The art of awareness

Red Ribbon Art Auction to raise money for fight against AIDS

With all the focus on the AIDS pandemic in developing countries -- and all the U.S. money being funneled to foreign destinations to help relieve that pandemic -- Geri Summers worries Americans have lowered their guard to the dangers of the disease in their own back yard.

"What we've seen is escalated behaviors, especially among that young group, where their risk-taking behaviors are increasing because the attention is in Africa or China, and they think they're above having that experience," said Summers, executive director of Douglas County AIDS Project.

"What stays consistent is that people between the ages of 15 to 25 are the folks that are mostly getting infected," she added. "And the reason the World AIDS Day theme is Women and HIV this year is because, for the first time, women are almost half of all HIV infections."

All reasons why it's so important for DCAP to spread the word about AIDS prevention in the Douglas County area, where the agency serves about 65 HIV-positive clients.

The annual Red Ribbon Art Auction, DCAP's biggest fund-raiser each year, is the organization's best chance to augment the funds -- which have shrunk about $30,000 in the past two years -- it receives from the state and federal government.


Special to the Journal-World

"Enchanted Forest," a painting by Lawrence artist Jewell Willhite, is among the pieces to be auctioned at the Douglas County AIDS Project's 2004 Red Ribbon Art Auction. The auction, which raises money for the Lawrence social service agency, will be Sunday at Maceli's, 1031 N.H.

The festive event is also a time to enjoy the company of like-minded people who support the fight against AIDS, munch on hors d'oeuvres, sip wine and buy some great artwork.
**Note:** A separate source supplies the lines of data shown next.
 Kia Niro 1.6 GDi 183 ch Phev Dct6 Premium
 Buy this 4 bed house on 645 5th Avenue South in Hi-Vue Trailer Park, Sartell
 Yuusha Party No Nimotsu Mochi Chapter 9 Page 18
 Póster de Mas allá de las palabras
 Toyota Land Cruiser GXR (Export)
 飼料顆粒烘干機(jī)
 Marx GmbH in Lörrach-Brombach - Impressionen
Nearly 60 pieces have been donated for this year's auction, which moves to a new location: Maceli's, 1031 N.H. Artworks range from paintings to sculptures, weavings to prints. Lawrence woodworker Tim Carpenter, a former DCAP board member, has donated a pair of handcrafted wooden chairs that will be raffled off at the auction; raffle tickets are $10.

One of the chairs, along with many other works that will be auctioned, are on display at Olive Gallery and Art Supply, 15 E. Eighth St.; Prairie Pond Studio, 809 Mass.; and The Casbah, 803 Mass. The work also can be previewed at DCAP's Web site:

Past Event

Red Ribbon Art Auction to Benefit Douglas County AIDS Project

  • Sunday, December 5, 2004, 6 p.m. to 10 p.m.
  • Maceli's, 1031 New Hampshire, Lawrence
  • All ages / $20


The venue isn't the only change for this year's auction. DCAP and other local nonprofits who rely on benefit art auctions to raise money have taken some heat in recent years for "taking advantage" of local artists who already struggle to make ends meet.
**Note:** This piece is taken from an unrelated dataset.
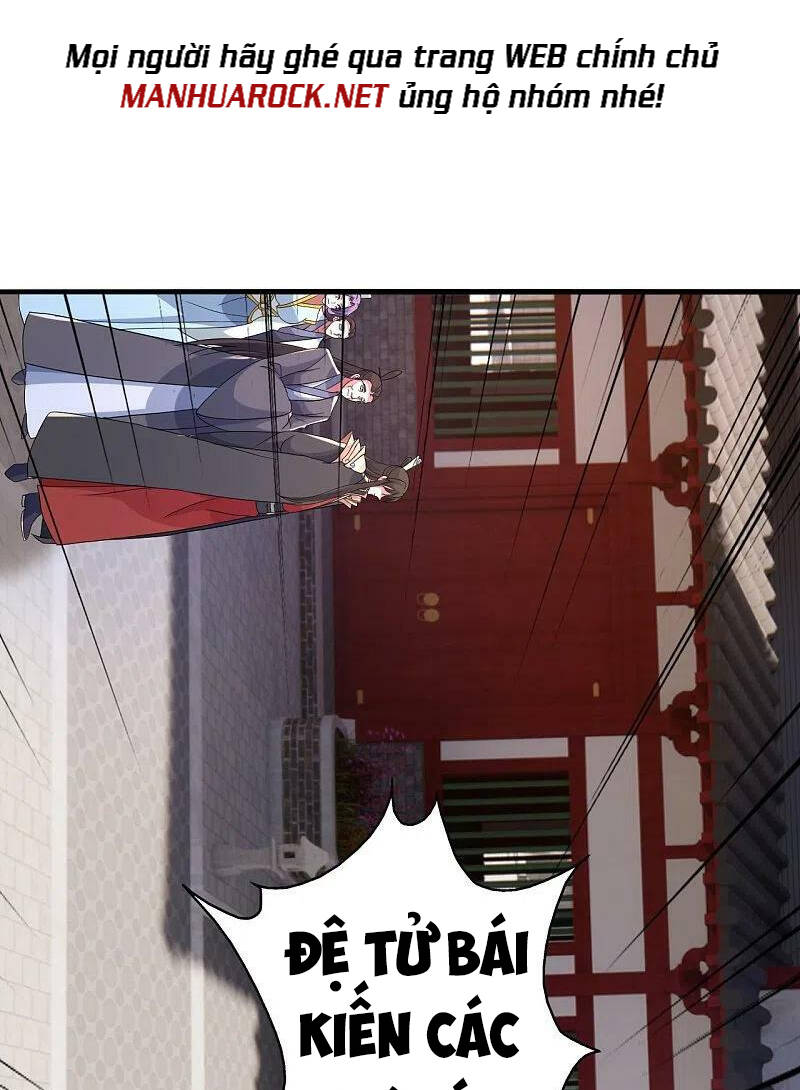 Tiên Võ Đế Tôn Chapter 408 - Trang 2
In response to those concerns, the DCAP board invited artists to share their opinions and strategies during a focus group.
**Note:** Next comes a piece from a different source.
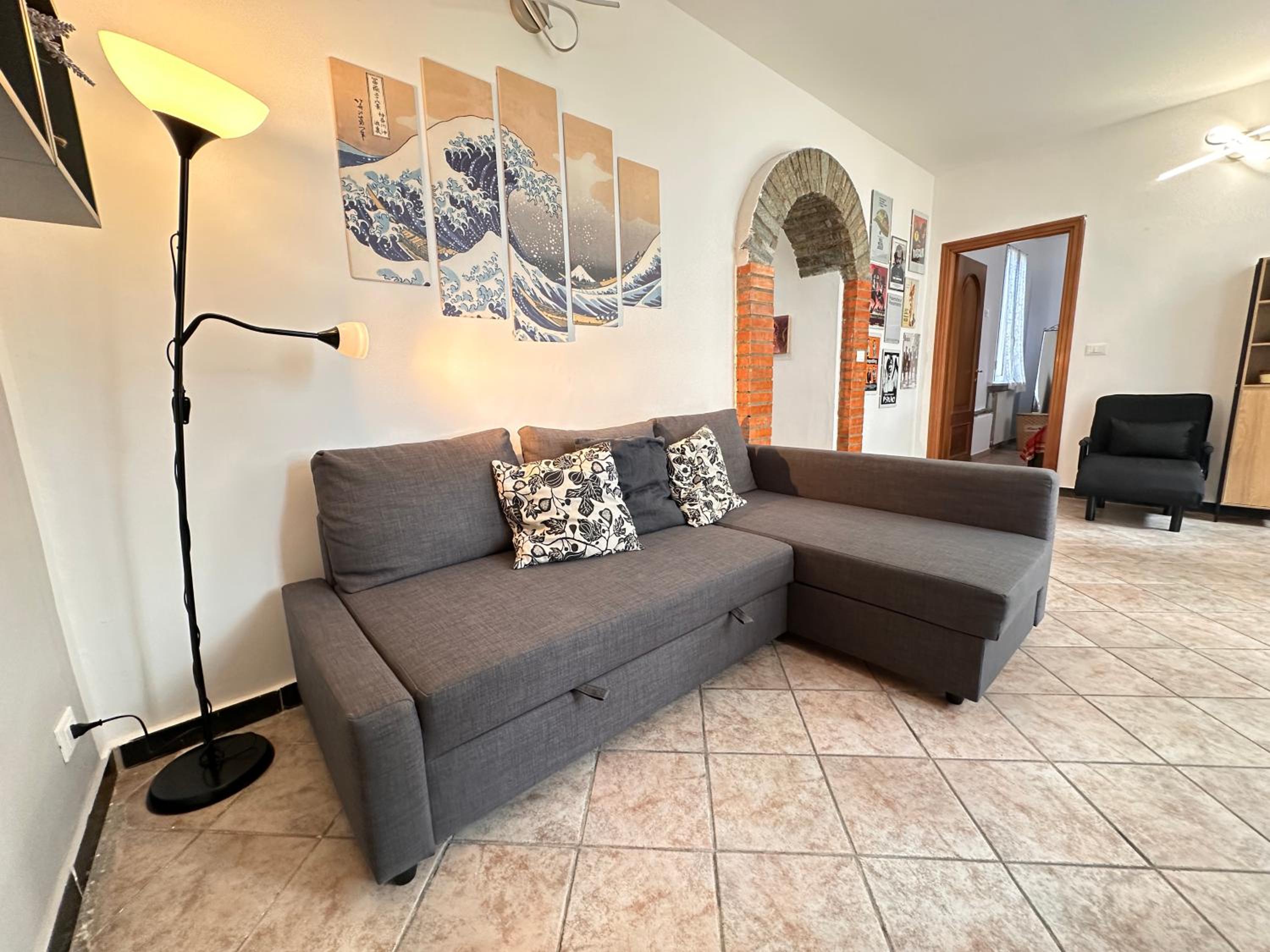 One-Bedroom House photo 3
"We had a real concern to make sure that the artists felt appreciated and that we could do as much as we could do to muster up business for them," Summers said.

Among the changes: DCAP board members used their connections in other parts of the country to dip into a broader pool of artists, placing less stress on the local flock. All donating artists and their contact information will be listed in the program for auction-goers who want to further patronize those artists. And the artists who attend the auction will be wearing nametags so buyers can identify the makers as they browse the art.

DCAP hopes to raise $15,000, all of which will help buttress its programs, which provide case management, outreach and education services, and HIV testing.